Attorney General of Arkansas — Opinion
Opinion Delivered March 9, 1993
WINSTON BRYANT, Attorney General
The Honorable Mike Everett State Senator 412 Broadway Marked Tree, AR 72365
Dear Senator Everett:
This is in response to your request for an opinion regarding a county school board member’s vote on a particular matter. You state that the board member voted on an issue before the board without taking the oath of office, although he was properly elected. You have asked, specifically, whether a school board member can cast a valid vote on an issue before the board if he has not taken the oath of office.

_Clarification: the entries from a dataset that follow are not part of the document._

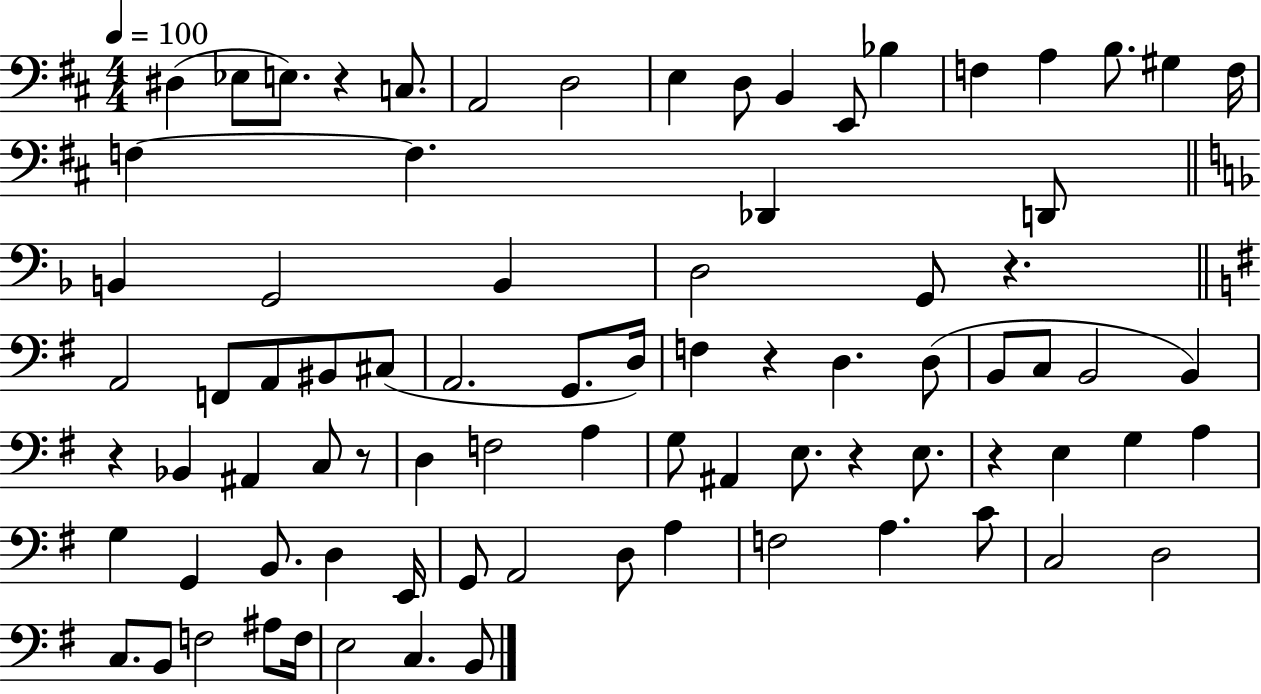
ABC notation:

X:1
T:Untitled
M:4/4
L:1/4
K:D
^D, _E,/2 E,/2 z C,/2 A,,2 D,2 E, D,/2 B,, E,,/2 _B, F, A, B,/2 ^G, F,/4 F, F, _D,, D,,/2 B,, G,,2 B,, D,2 G,,/2 z A,,2 F,,/2 A,,/2 ^B,,/2 ^C,/2 A,,2 G,,/2 D,/4 F, z D, D,/2 B,,/2 C,/2 B,,2 B,, z _B,, ^A,, C,/2 z/2 D, F,2 A, G,/2 ^A,, E,/2 z E,/2 z E, G, A, G, G,, B,,/2 D, E,,/4 G,,/2 A,,2 D,/2 A, F,2 A, C/2 C,2 D,2 C,/2 B,,/2 F,2 ^A,/2 F,/4 E,2 C, B,,/2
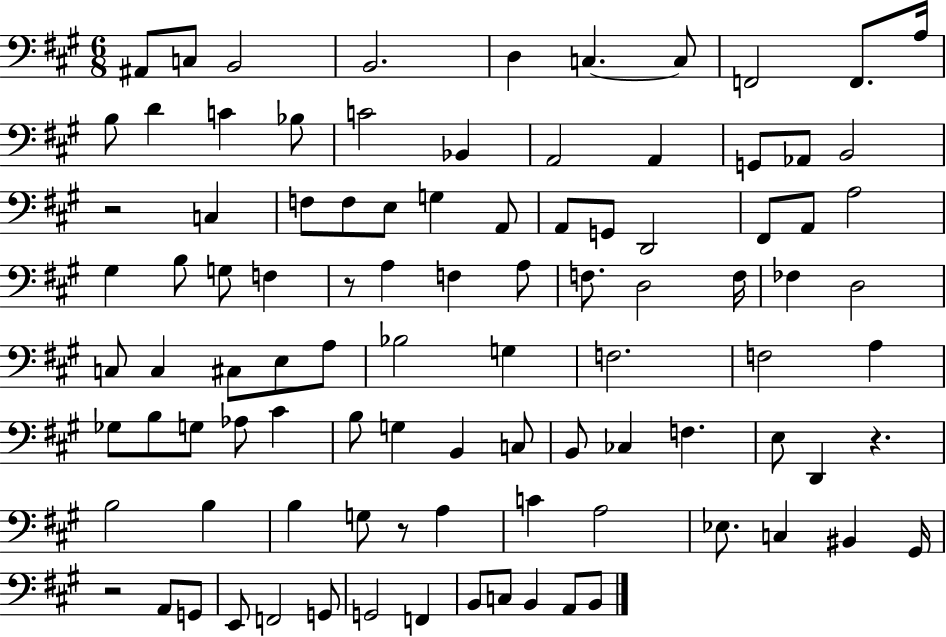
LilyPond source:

{
  \clef bass
  \numericTimeSignature
  \time 6/8
  \key a \major
  \repeat volta 2 { ais,8 c8 b,2 | b,2. | d4 c4.~~ c8 | f,2 f,8. a16 | \break b8 d'4 c'4 bes8 | c'2 bes,4 | a,2 a,4 | g,8 aes,8 b,2 | \break r2 c4 | f8 f8 e8 g4 a,8 | a,8 g,8 d,2 | fis,8 a,8 a2 | \break gis4 b8 g8 f4 | r8 a4 f4 a8 | f8. d2 f16 | fes4 d2 | \break c8 c4 cis8 e8 a8 | bes2 g4 | f2. | f2 a4 | \break ges8 b8 g8 aes8 cis'4 | b8 g4 b,4 c8 | b,8 ces4 f4. | e8 d,4 r4. | \break b2 b4 | b4 g8 r8 a4 | c'4 a2 | ees8. c4 bis,4 gis,16 | \break r2 a,8 g,8 | e,8 f,2 g,8 | g,2 f,4 | b,8 c8 b,4 a,8 b,8 | \break } \bar "|."
}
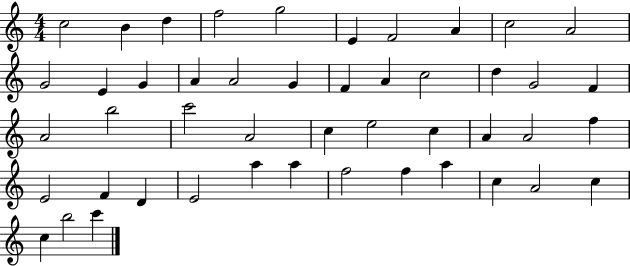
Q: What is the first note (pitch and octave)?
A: C5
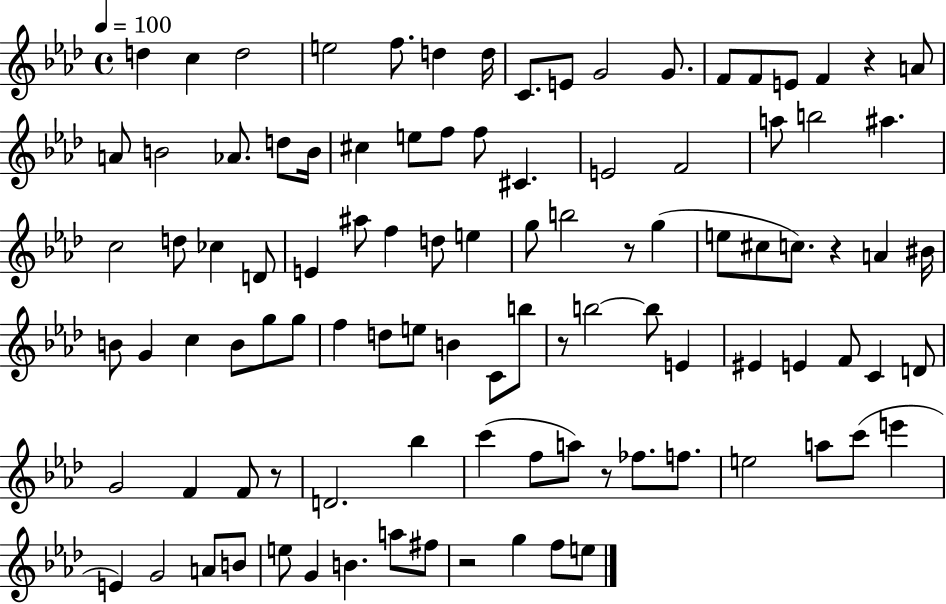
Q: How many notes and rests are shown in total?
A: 101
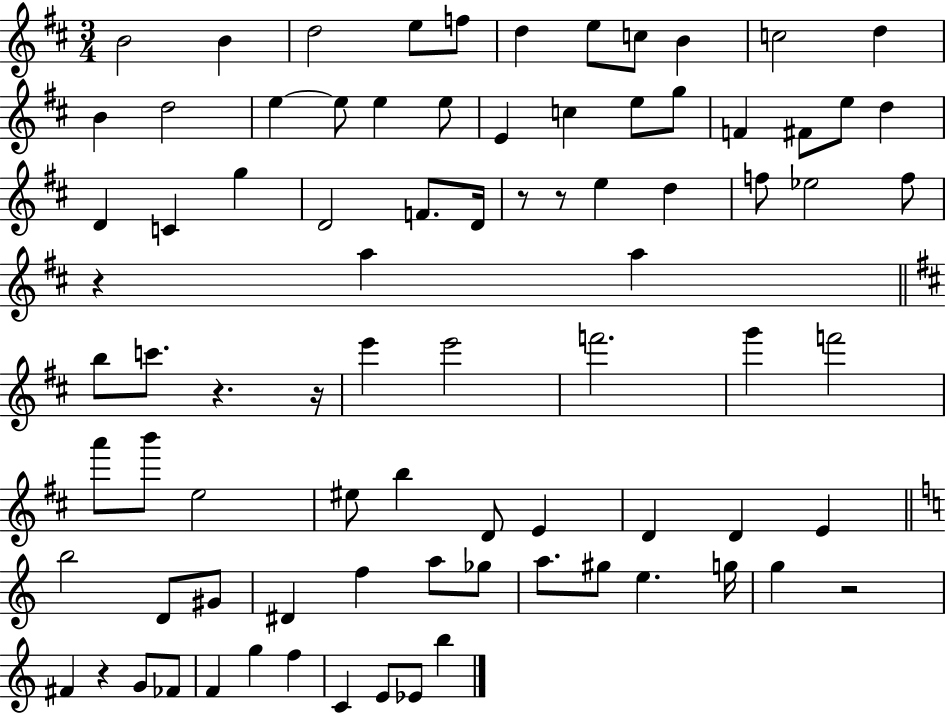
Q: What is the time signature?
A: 3/4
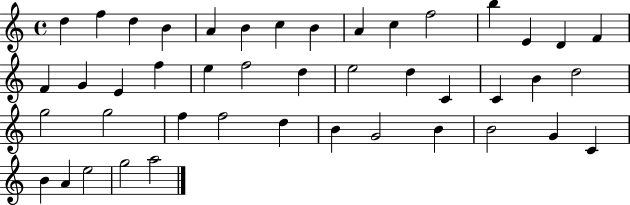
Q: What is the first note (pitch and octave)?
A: D5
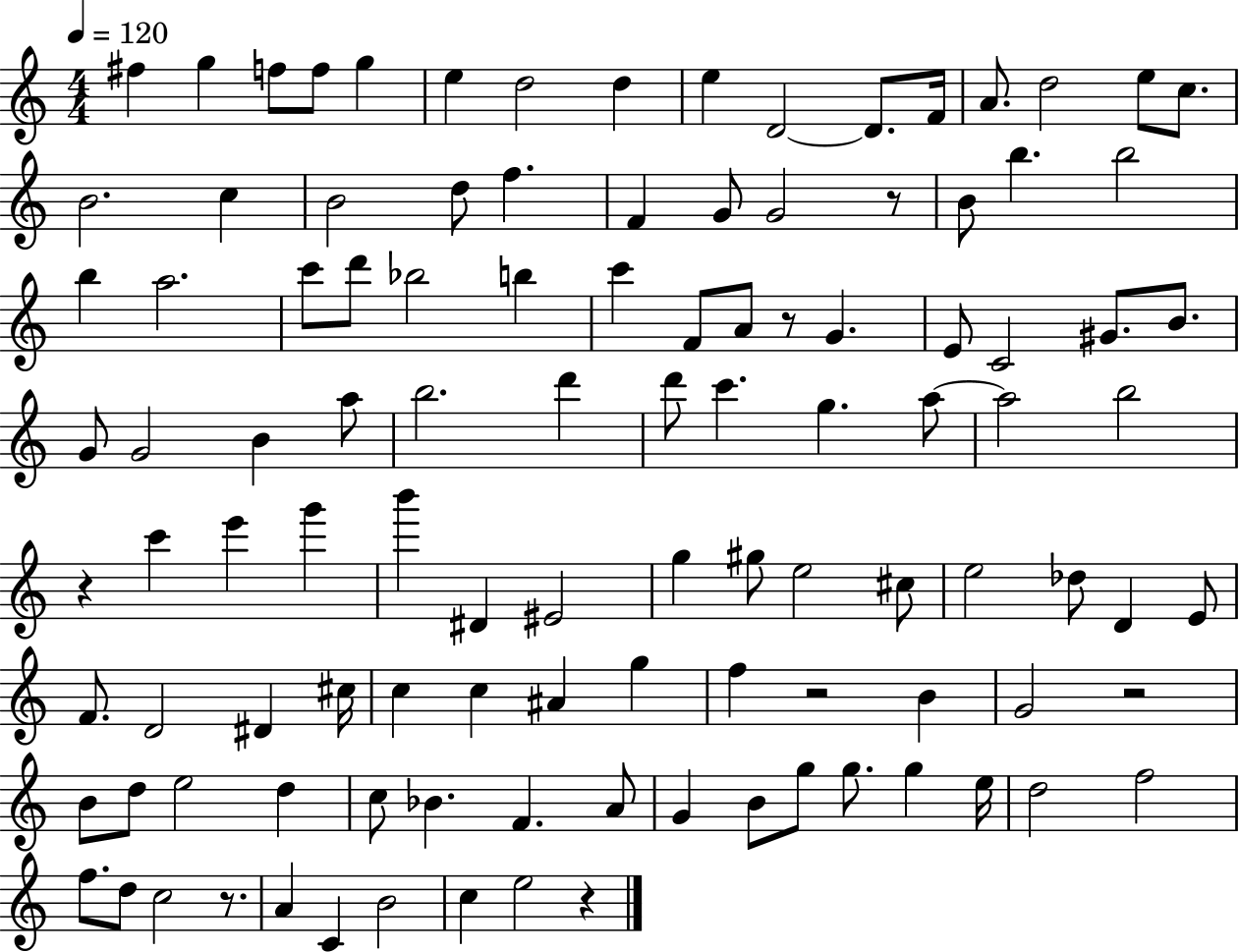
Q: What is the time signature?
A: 4/4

It is my opinion that in the event of a challenge, the vote would in all likelihood be considered valid as the official act of a “de facto” officer. See generally 67 C.J.S. Officers §§ 264-276 (1978). This so-called “fiction of law” (id. at § 264) has been summarized by the Arkansas Supreme Court as follows:
`A person who enters into an office and undertakes the performance of the duties thereof by virtue of an election or appointment, is an officer de facto
[emphasis original], though he was ineligible at the time he was elected or appointed, or has subsequently become disabled to hold the office. Indeed, it is settled by a current of authority almost unbroken for over 500 years in England and this country, that ineligibility to hold an office does not prevent the ineligible incumbent, if in possession under color of right and authority, from being an officer de facto with respect to his official acts, in so far as third persons are concerned.’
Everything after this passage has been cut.